Parents do not need to apply to the CMS first.
In simple terms:
If care is truly 50:50, the court — not the CMS — may decide child maintenance.
That clarification is legally significant. But it also increases the stakes in shared care disputes.
Why This Can Increase Conflict
The financial reality is straightforward.
Under the statutory scheme, child maintenance depends on:
The paying parent’s income
The number of children
The number of nights the child spends with each parent
If care is 49/51, the CMS applies.
If care is 50/50, the CMS cannot act.
That single percentage point can determine:
Whether maintenance is payable at all
Whether the matter is handled administratively or litigated in court
The risk is that:
Parenting time becomes scrutinised for jurisdictional advantage
Overnight calculations become contested
The focus shifts from welfare to strategy
This is where conflict can escalate unnecessarily.
Mediation: Shifting the Focus Back to Children
Mediation offers a different pathway.
Rather than debating whether care is 49% or 50% in order to gain a financial advantage, mediation allows parents to:
Explore what arrangement genuinely works for their children
Discuss financial realities transparently
Understand the legal framework without weaponising it
Develop practical, bespoke solutions
Importantly, mediation recognises that children arrangements and financial provision are intrinsically linked — a point reinforced in Dickson v Rennie.
Housing needs, school fees, extracurricular activities and day-to-day costs all flow from the parenting structure. Trying to resolve one without the other often causes delay and mistrust.
What OS v DT Demonstrates in Practice
In OS v DT, although jurisdiction was established, the court declined to order regular maintenance. The parents shared care equally and both had substantial capital and earning capacity.
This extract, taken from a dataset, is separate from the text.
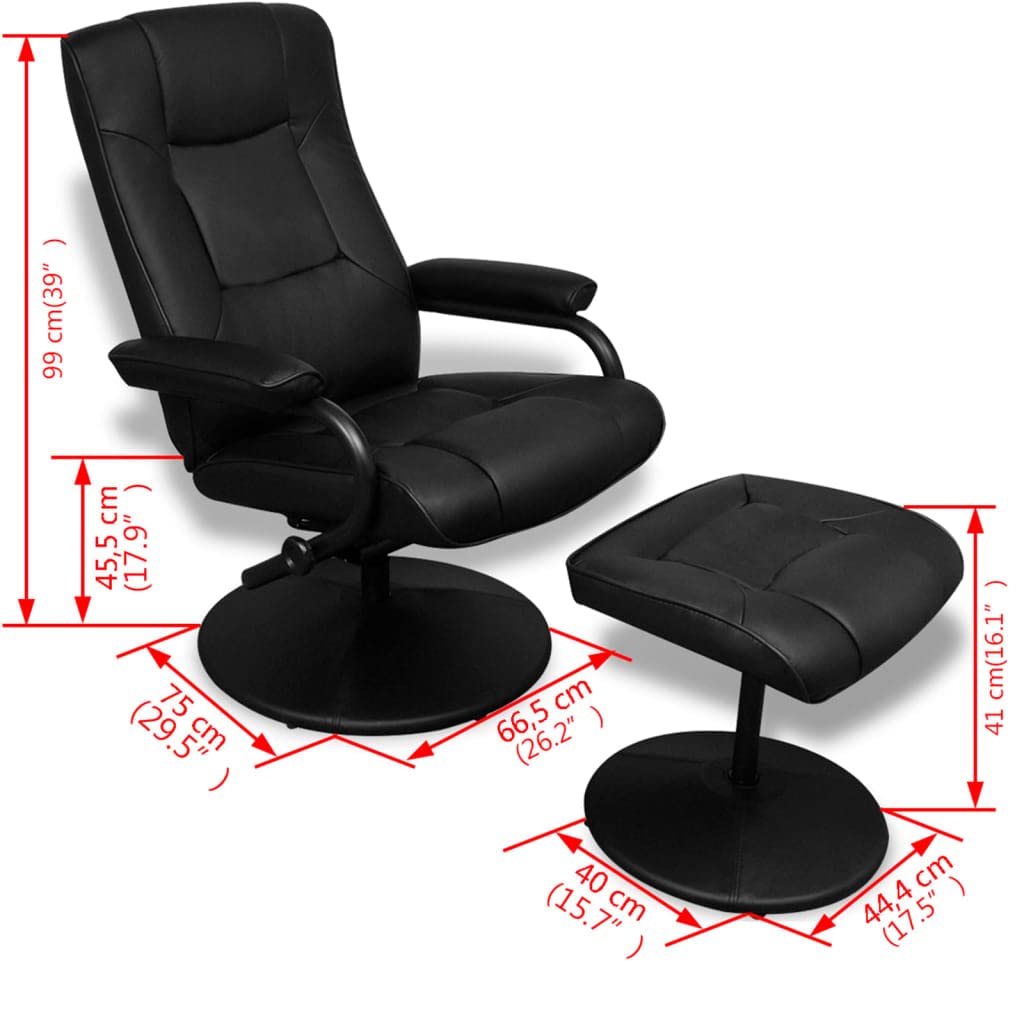 Polstersessel Relaxsessel Verstellbare Rückenlehne TV-Sessel mit Fußhocker Schwarz Kunstleder,Ideal für die kommerzielle und Private Nutzung 66.5 x 110 x 85 cm (L x B x H)
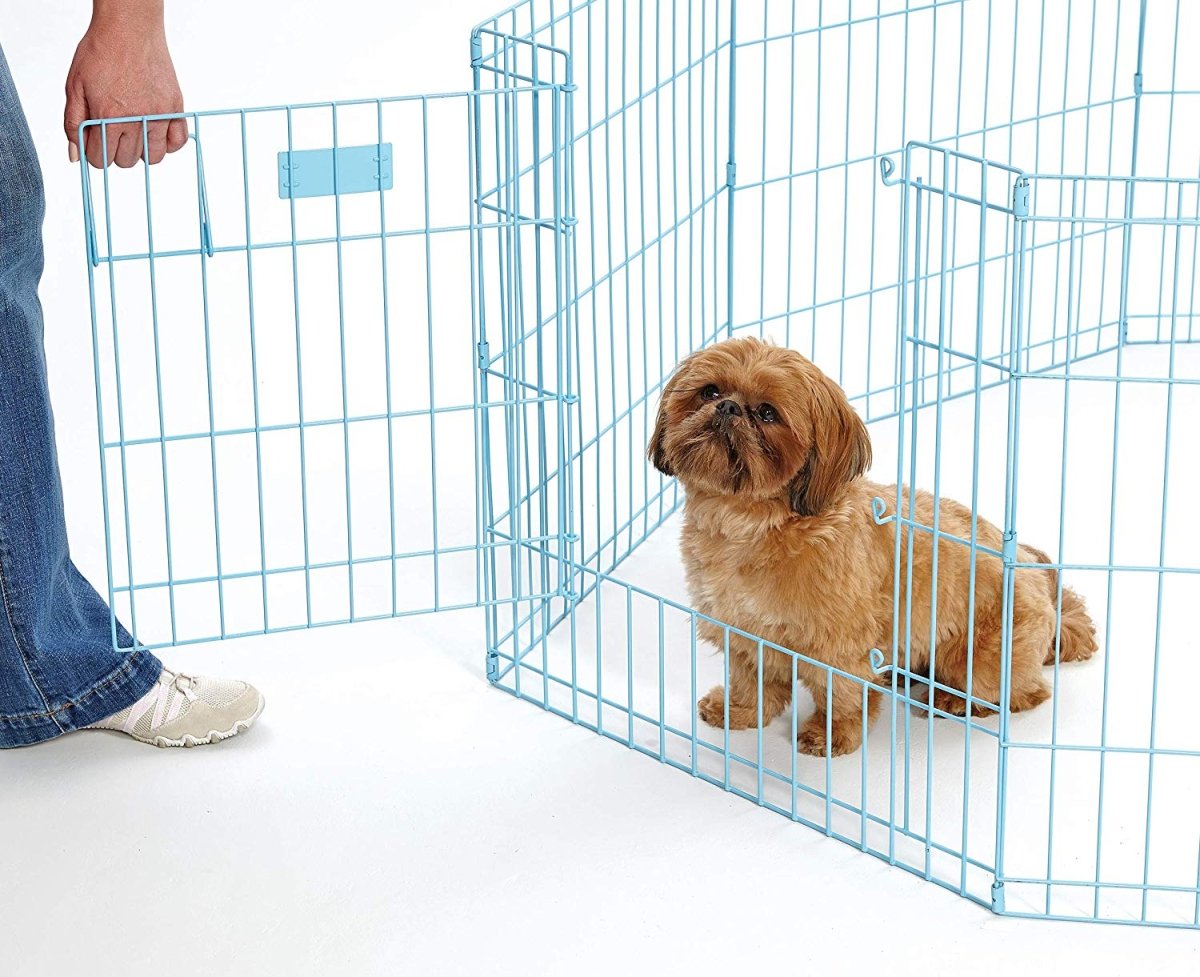 Blue Exercise Pen with Door 24″ - Shopivet.com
Instead, the court made a targeted order: the father was to meet 75% of the school fees.
This shows something important:
Even when maintenance is not appropriate, children’s financial needs still require thoughtful, tailored solutions.
Mediation is ideally suited to crafting those solutions — without the stress, cost and polarisation of litigation.
Avoiding the “Strategic” Trap
Now that equal shared care carries jurisdictional consequences, there is a risk that disputes may increasingly focus on:
Precise overnight counts
Technical definitions of day-to-day care
Tactical positioning
Mediation helps to prevent this by:
Encouraging transparency about financial concerns
Allowing both parents to express underlying anxieties
Refocusing discussions on long-term co-parenting
Reducing the adversarial framing that court proceedings can create
Where parents feel heard and informed, they are less likely to adopt entrenched positions.
A Child-Focused, Future-Focused Approach
The welfare of the child remains paramount. But welfare is best served by:
Stability
Reduced parental conflict
Clear and workable financial arrangements
A cooperative co-parenting relationship
Litigation can sometimes be necessary. However, many disputes about shared care and maintenance stem from misunderstanding, fear or financial uncertainty — issues that mediation can address constructively.
Conclusion
OS v DT [2025] EWFC 156 (B) brings clarity to child maintenance law in cases of exactly equal shared care. It confirms that:
The CMS has no jurisdiction in true 50:50 arrangements
The court’s powers revive
Parties can apply directly to court
But with clarity comes increased risk of tactical dispute.
Mediation offers a way to navigate these complex intersections between care and finance without escalating conflict. By addressing both issues together — transparently and constructively — parents can avoid delay, reduce stress and keep their children’s wellbeing at the centre of decision-making.
Early legal advice and mediation support can help clarify your position from the outset and prevent strategic disputes from taking hold.